Rocannon calló; observaba el río brillante, con aire de abatimiento.
— Rokanan — dijo Mogien, que por primera vez le hablaba como a un hombre de su misma casta —, cerca de este bosque viven mis primos de Kyodor, un castillo poderoso, treinta Angyar de dobles espadas y tres aldeas de hombres normales. Nos ayudarán a castigar a los gredosos por su insolencia…
— No. — Rocannon habló con voz grave —. Dile a tu gente que vigile, sí, a los gredosos; puede ocurrir que el enemigo los compre. Pero no habrá tabúes quebrantados ni guerras que se entablen por mi responsabilidad. No tendría sentido. En tiempos como los de ahora, Mogien, el destino de un solo hombre carece de importancia.
— Si es así — y Mogien alzó su rostro oscuro —, ¿qué es lo importante?
— Señores — dijo el joven Yahan —, algo hay allá, entre los árboles.

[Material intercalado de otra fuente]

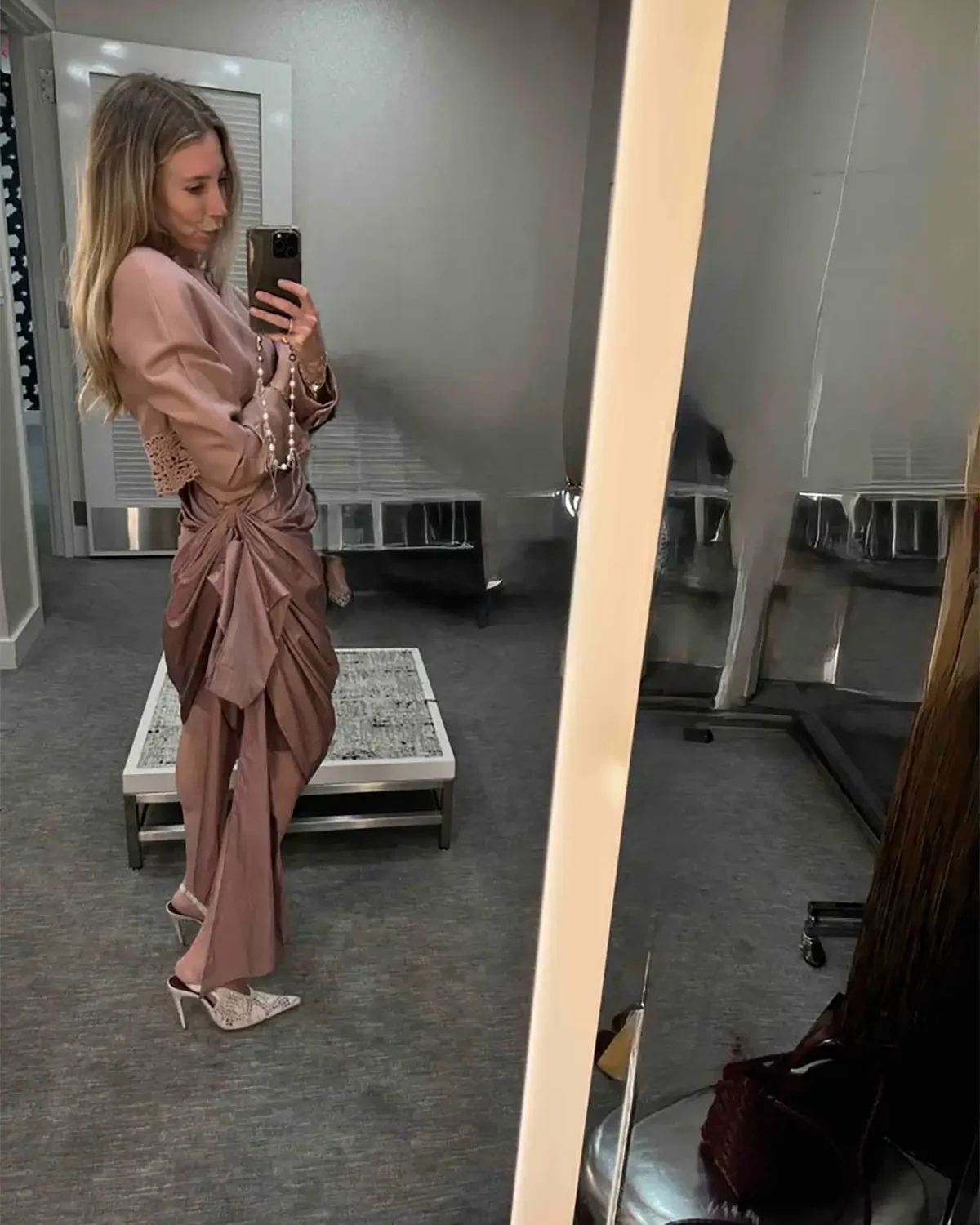 Chloé Technical Satin Mid-Length Wrap Skirt Pink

Su mano apuntaba hacia una mancha de color entre las coníferas sombrías.
— ¡Fiia! — exclamó Mogien —. Cuida de las monturas. — Las cuatro grandes bestias observaban la otra orilla del río, con las orejas tiesas.

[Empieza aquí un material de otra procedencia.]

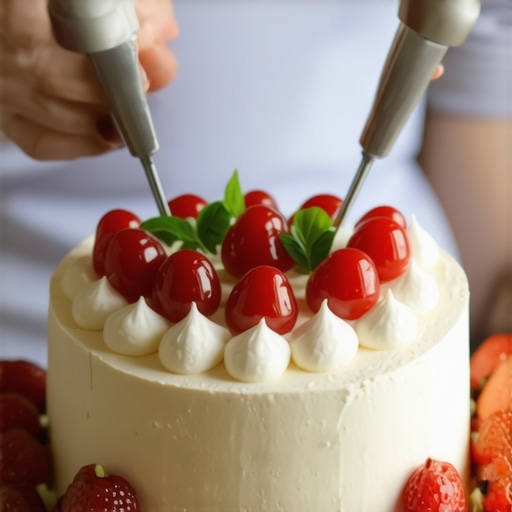 Chef meticulously garnishing a wedding dessert with tools under lighting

— ¡Mogien, Señor de Hallan, marcha por los caminos de los Fiia en son de amistad! — la voz se extendió sobre el ancho, poco profundo y sonoro cauce; de pronto, entre las manchas de luz y sombra que los árboles perfilaban en la otra ribera apareció una figura diminuta. Parecía ejecutar una danza, según que los rayos del sol la iluminasen o no, y era difícil mantener los ojos fijos en ella. Cuando comenzó a moverse, Rocannon pensó que caminaba sobre la superficie del agua, a la que ni siquiera llegaba a agitar lo suficiente como para producir cambios en los reflejos del sol. La bestia rayada se irguió y marchó con paso suave y majestuoso hasta el borde del agua. Cuando el Fian estuvo a su lado, el animal inclinó la cabeza y el hombrecito le acarició las orejas rayadas y peludas. Luego se encaminó hacia ellos.